The schedule of values is itself a strategic document\.  How you slice it determines what's visible\.  A 15\-line SOV protects margin and frustrates curious owners\.  A 60\-line SOV invites scrutiny and signals confidence\.  Neither is wrong\.  Both are choices\.

If owners can't see your cost structure, the next question is: what is your billing process actually communicating?  The 83\-day answer is bleak\.

## The 83\-Day Reality

Construction's average Days Sales Outstanding is approximately 83 days, materially worse than the roughly 60\-day cross\-industry average per the Construction Financial Management Association[2](/blog/blog-construction-billing-software#ref-2)\.  That's not a software problem\.  It's a system problem that software either accelerates or prolongs\.

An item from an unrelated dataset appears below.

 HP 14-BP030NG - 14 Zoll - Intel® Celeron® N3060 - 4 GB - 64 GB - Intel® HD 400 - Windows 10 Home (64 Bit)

The numbers around the 83 days are equally rough:

- ~83\-day construction DSO vs\. ~60\-day cross\-industry average \(CFMA\)[2](/blog/blog-construction-billing-software#ref-2)
- 82% of contractors face payment waits over 30 days, up from 49% two years prior, per industry estimates from DocJoist[3](/blog/blog-construction-billing-software#ref-3)
- 72% of subcontractors wait longer than 30 days for payment, per the same DocJoist estimate[3](/blog/blog-construction-billing-software#ref-3)
- Slow payments cost the U\.S\. construction industry an estimated $280 billion in 2024 \(industry estimate per DocJoist\)[4](/blog/blog-construction-billing-software#ref-4)

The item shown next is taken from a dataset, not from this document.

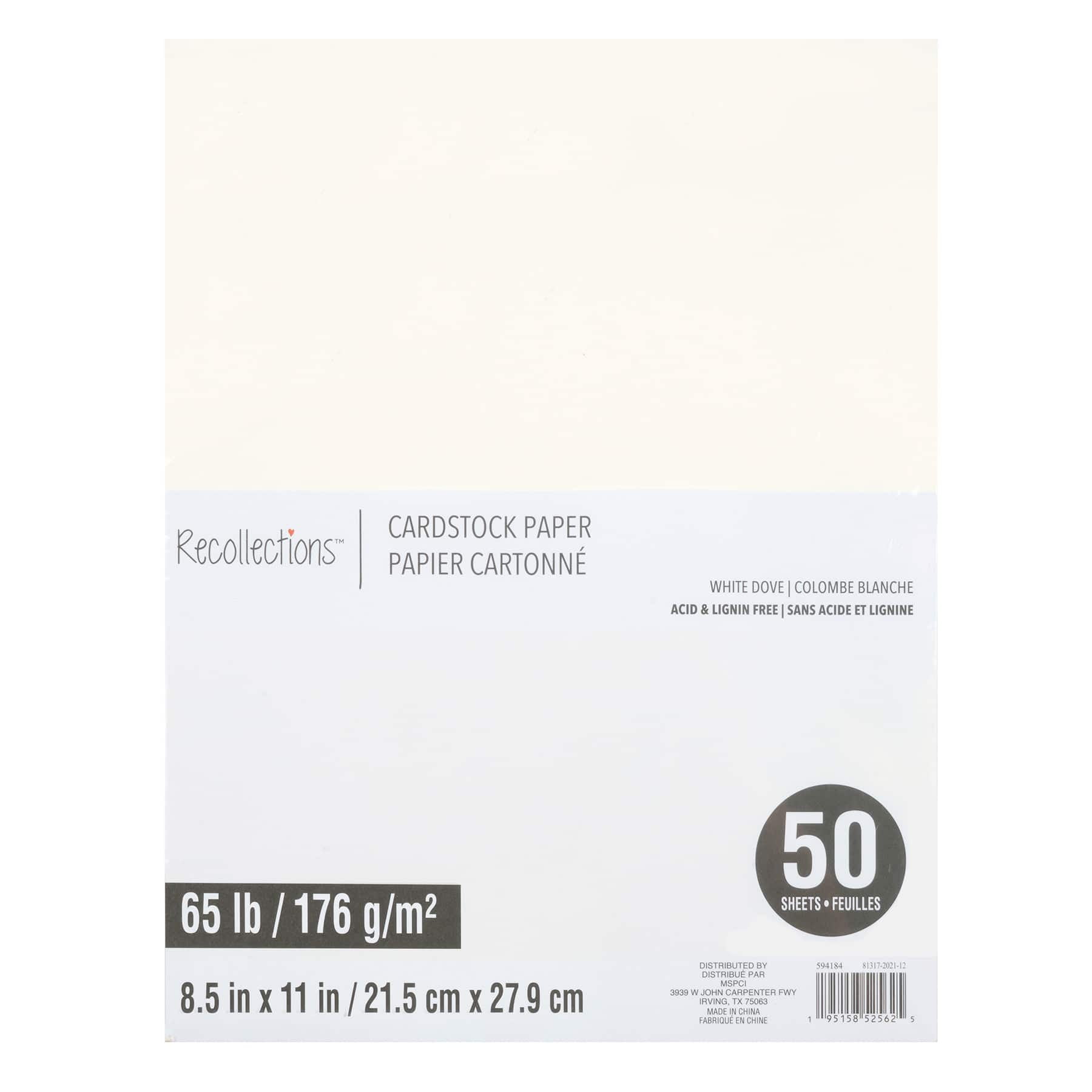 Recollections Foil Cardstock Paper - Primary Foil, 25ct Sheets, 8.5x11 65lb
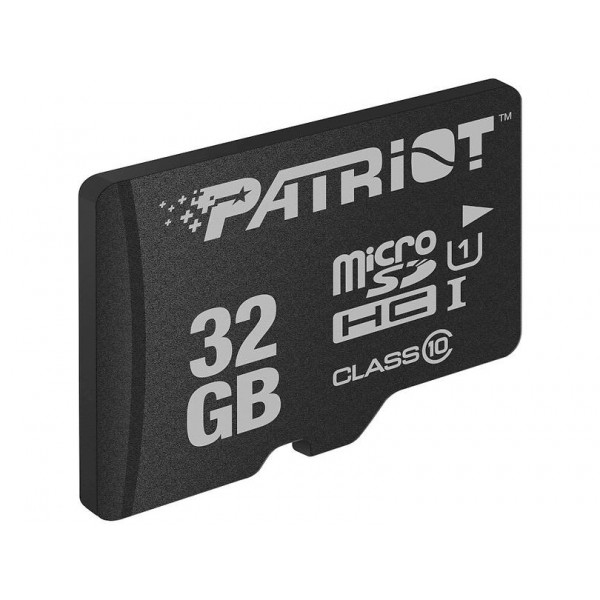 Фото - Карта памяти Patriot MicroSDHC 32GB UHS-I Class 10 LX (PSF32GMDC10)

Translated to a $40M GC: roughly $9M tied up in receivables on any given day, financed at your line\-of\-credit rate\.  An 83\-day DSO is not a billing\-software failure\.  It's a structural feature of how construction sells, contracts, and bills— and software either accelerates the process or it gets blamed for it\.

DSO is a symptom\.  The disease lives upstream, in the billing format you chose before the first pay app went out\.

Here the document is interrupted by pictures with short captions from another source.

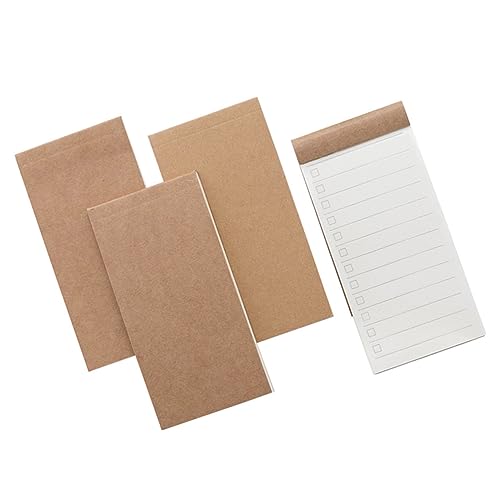 Happyyami 8 Stück Teiliges Notizblock aus Kraftpapier Tragbare To Do Listen Notizen für Büro und Schule Linierten Leeren und Karierten Blättern von Happyyami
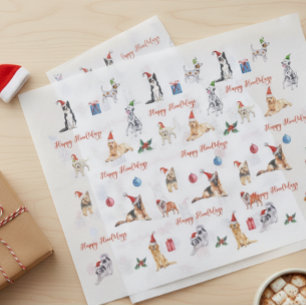 Christmas Dog Lover Happy Howlidays Tissue Paper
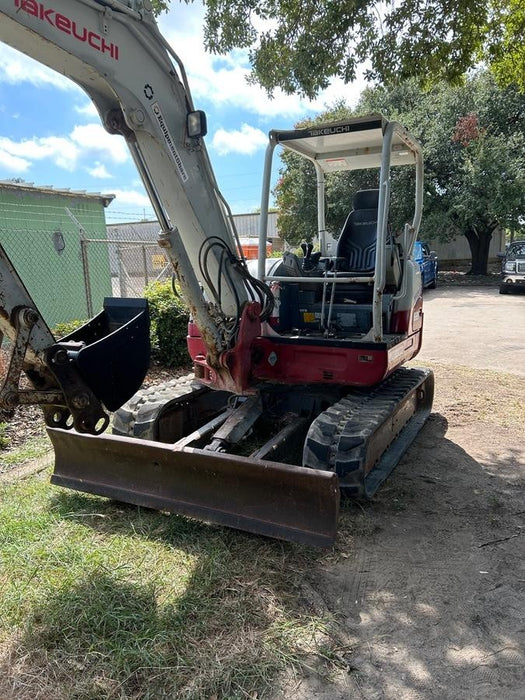 2019 Takeuchi TB260 Takeuchi TB260 Canopy w/Rubber Tracks, Auxiliary Hydraulics, Standard Blade, Manual QC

## Billing Format Is a Transparency Choice

Your contract type— lump sum, time and materials, GMP, or transparent lump sum— is the most consequential transparency decision on a project\.  And most GCs make it without naming the trust trade\-off\.

T&M maximizes owner visibility into labor, markup, and materials, with invoices that break down rates and costs line by line, per SmartBarrel[5](/blog/blog-construction-billing-software#ref-5)\.  Lump sum hides the cost build\-up but shifts overrun risk to you[5](/blog/blog-construction-billing-software#ref-5)\.  GMP is the hybrid: open book up to a cap, with a shared\-savings split below it\.  Transparent lump sum is the emerging compromise— it surfaces what the work would have cost under T&M, exposing risk premiums and inflated bids, per Management Controls[6](/blog/blog-construction-billing-software#ref-6)\.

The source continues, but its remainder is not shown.